Stored dataset items
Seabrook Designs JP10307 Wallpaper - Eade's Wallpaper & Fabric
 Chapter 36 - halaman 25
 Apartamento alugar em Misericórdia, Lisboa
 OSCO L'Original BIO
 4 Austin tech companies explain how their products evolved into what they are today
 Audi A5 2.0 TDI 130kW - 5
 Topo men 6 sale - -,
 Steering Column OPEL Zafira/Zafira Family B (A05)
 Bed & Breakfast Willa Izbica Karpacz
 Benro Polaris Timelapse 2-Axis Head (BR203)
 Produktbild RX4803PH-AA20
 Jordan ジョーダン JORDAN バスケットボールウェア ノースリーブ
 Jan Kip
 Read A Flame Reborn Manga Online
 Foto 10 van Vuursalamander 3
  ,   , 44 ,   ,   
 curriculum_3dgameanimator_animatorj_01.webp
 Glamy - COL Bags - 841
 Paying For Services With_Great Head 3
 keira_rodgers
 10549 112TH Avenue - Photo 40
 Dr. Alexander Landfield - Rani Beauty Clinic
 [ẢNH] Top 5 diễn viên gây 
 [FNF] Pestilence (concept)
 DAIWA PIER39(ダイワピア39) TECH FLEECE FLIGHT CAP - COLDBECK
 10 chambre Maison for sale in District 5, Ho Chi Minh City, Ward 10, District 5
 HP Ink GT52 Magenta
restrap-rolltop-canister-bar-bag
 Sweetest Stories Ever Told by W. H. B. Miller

Exercise aim
Please say only the number of lines in the data that hold "Head".

Problem solution
2